Azioni virtuose, cittadini consapevoli

Professor Zanini, il normale cittadino oggi ha molti motivi per sentirsi in colpa (vedi qui): usa l'auto, magari diesel perché il servizio pubblico non è efficiente, non riesce a fare la raccolta differenziata al 100%, consuma risorse ambientali oltre il necessario. Da uomo di scienza, può indicarci una serie di comportamenti virtuosi da adottare per invertire tale dinamica?

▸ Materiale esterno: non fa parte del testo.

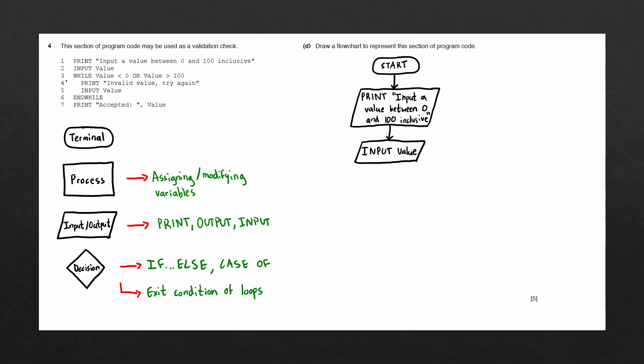On the third line, we start a while loop that has the condition value less than 0 or value greater than 100. We don't have any looping blocks, but the rules say that we should use a decision block to show the exit condition of this loop.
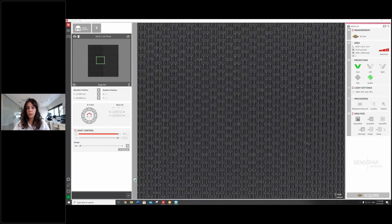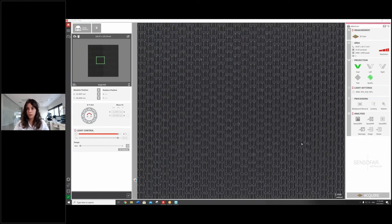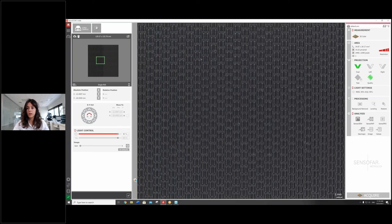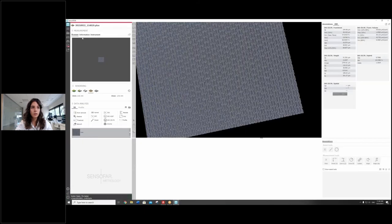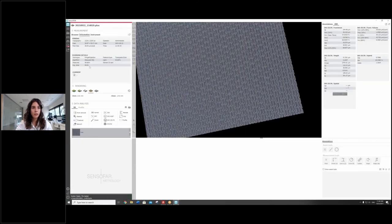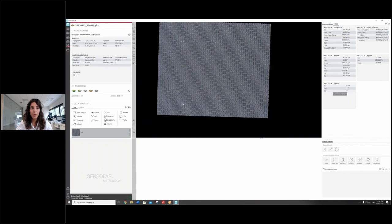But now since we don't have any steep angles, we don't think that this is going to have any risk of occlusion. So we're only going to use one projector and a fast algorithm. So the image is going to be taken faster. And this is the result. It actually took only one second to have this field of view of 33 by 29 millimeters.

«Il senso di colpa, in questo ambito, non è un motore di cambiamento mentre lo sono la cultura, l’istruzione scolastica e la corretta informazione. E’ un cittadino consapevole con il senso della comunità che può intraprendere la riduzione dei consumi individuali e condurre uno stile di vita sobrio riducendo gli sprechi alimentari, il consumo della carne, i chilometri percorsi con l’auto e rendendo energeticamente efficiente la casa dove abita. Tuttavia, le misure più efficaci e rapide sono quelle decise dai Governi che devono senza indugio alcuno indirizzare le scelte, favorirle e scandire i tempi del cambiamento verso una società decarbonizzata».